[[ Given data, beginning ]]

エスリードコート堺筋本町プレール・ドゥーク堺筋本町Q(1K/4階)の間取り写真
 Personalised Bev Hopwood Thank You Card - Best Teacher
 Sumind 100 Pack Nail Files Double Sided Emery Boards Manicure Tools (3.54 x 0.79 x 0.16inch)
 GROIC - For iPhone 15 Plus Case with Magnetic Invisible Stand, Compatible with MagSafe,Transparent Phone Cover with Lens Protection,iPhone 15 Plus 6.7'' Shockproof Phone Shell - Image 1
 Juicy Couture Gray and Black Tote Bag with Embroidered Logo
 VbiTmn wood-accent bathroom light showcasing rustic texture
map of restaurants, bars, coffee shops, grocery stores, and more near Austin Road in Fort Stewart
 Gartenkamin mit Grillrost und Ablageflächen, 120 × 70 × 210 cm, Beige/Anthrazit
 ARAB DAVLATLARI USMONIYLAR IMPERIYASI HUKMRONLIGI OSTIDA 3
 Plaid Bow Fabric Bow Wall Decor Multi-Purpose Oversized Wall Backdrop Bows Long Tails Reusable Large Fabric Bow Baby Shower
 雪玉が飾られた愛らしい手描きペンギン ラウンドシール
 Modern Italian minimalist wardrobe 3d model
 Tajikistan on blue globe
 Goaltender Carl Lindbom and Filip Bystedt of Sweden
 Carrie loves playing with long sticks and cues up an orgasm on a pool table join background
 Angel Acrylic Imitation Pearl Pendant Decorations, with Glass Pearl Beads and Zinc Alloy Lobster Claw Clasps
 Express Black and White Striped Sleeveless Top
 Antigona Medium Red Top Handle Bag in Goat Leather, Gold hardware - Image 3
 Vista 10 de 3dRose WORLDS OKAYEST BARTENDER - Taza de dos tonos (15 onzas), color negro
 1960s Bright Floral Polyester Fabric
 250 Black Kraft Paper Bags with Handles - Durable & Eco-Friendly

[[ Given data, end ]]

Activity:
Repeat, word for word, the lines above between the line holding "Personalised Bev Hopwood" and the line holding "ARAB DAVLATLARI USMONIYLAR", inclusive; omit everything else.

Written solution:
 Personalised Bev Hopwood Thank You Card - Best Teacher
 Sumind 100 Pack Nail Files Double Sided Emery Boards Manicure Tools (3.54 x 0.79 x 0.16inch)
 GROIC - For iPhone 15 Plus Case with Magnetic Invisible Stand, Compatible with MagSafe,Transparent Phone Cover with Lens Protection,iPhone 15 Plus 6.7'' Shockproof Phone Shell - Image 1
 Juicy Couture Gray and Black Tote Bag with Embroidered Logo
 VbiTmn wood-accent bathroom light showcasing rustic texture
map of restaurants, bars, coffee shops, grocery stores, and more near Austin Road in Fort Stewart
 Gartenkamin mit Grillrost und Ablageflächen, 120 × 70 × 210 cm, Beige/Anthrazit
 ARAB DAVLATLARI USMONIYLAR IMPERIYASI HUKMRONLIGI OSTIDA 3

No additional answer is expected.